The National Museum of Taiwan Literature (NMTL) and the National Taitung University jointly displayed the Taiwanese indigenous people’s literature at the 2023 Taiwan-Guam Austronesian International Arts Exhibition in Hyatt Regency Guam from Oct. 6 to Oct. 10.


The University of Guam invited the NMTL to join in this exhibition after their signing of an MOU in January. Due to this special opportunity, the NMTL arranged for indigenous writer Salizan Takisvilainan (沙力浪) from the Bunun tribe to present a speech on his poetry “Tina’s Words” (“tina” means “mother” in the Bunun language) on Oct. 7. The speech was applauded by the audience. 

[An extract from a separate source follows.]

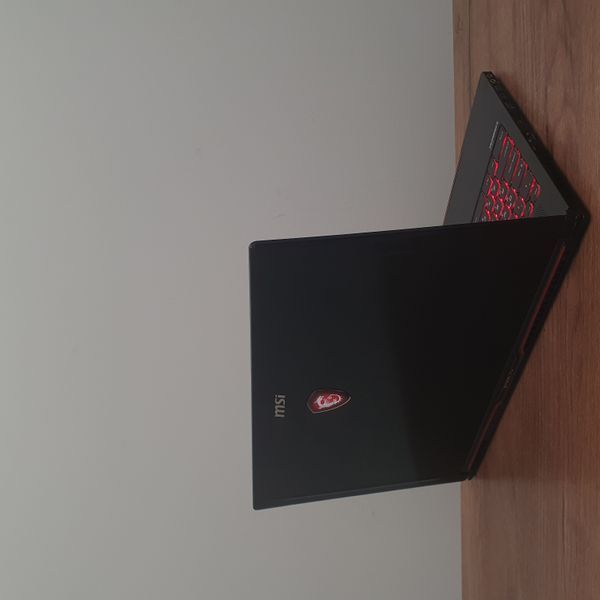 БВ Ігровий ноутбук MSI GS63VR-7RF 15.6" FHD 120гц / Intel Core i7-7700HQ / Nvidia GTX 1060 6gb / 16гб DDR4 / 256гб SSD + 500гб HDD #3375 фото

Salizan Takisvilainan shared his story and said that he started to realize cultural differences when he left his hometown for school, and due to the gradual loss of Bunun language, people from his community are distanced from their own culture. He set up a studio in his hometown in order to search for tina’s language and to revitalize the community. He pointed out that because the Bunun people lived in the mountains, there is no such word as “ocean” in the Bunun corpus, only “ngiav” (lake), highlighting a contrast in the perception of space with Guam’s marine culture. 


The director of NMTL Nikky Lin (林巾力) congratulated the team and mentioned that this is the first time the NMTL exhibited the Taiwanese indigenous people’s literature in a foreign language. 


The exhibition showed the history of Taiwanese indigenous literature and the collection of English-translated works so far, such as “Hunter School (獵人學校)” by Ahronglong Sakinu, “The Soul of Jade Mountain (玉山魂)” by Husluman Vava, “Sorceress Diguwan (笛鸛:大巴六九部落之大正年間)” by Badai, “My Dear Ak’i, Please Don’t Be Upset (親愛的Ak'i,請您不要生氣)” by Paiz Mukunana, and “The Fish That Live in a Tree: Lokot (樹上的魚《Lokot鳥巢蕨)” by Kuei Chun Miya. These books will be a part of the University of Guam’s collection, inviting more readers to discover the depth of Taiwan’s Austronesian culture.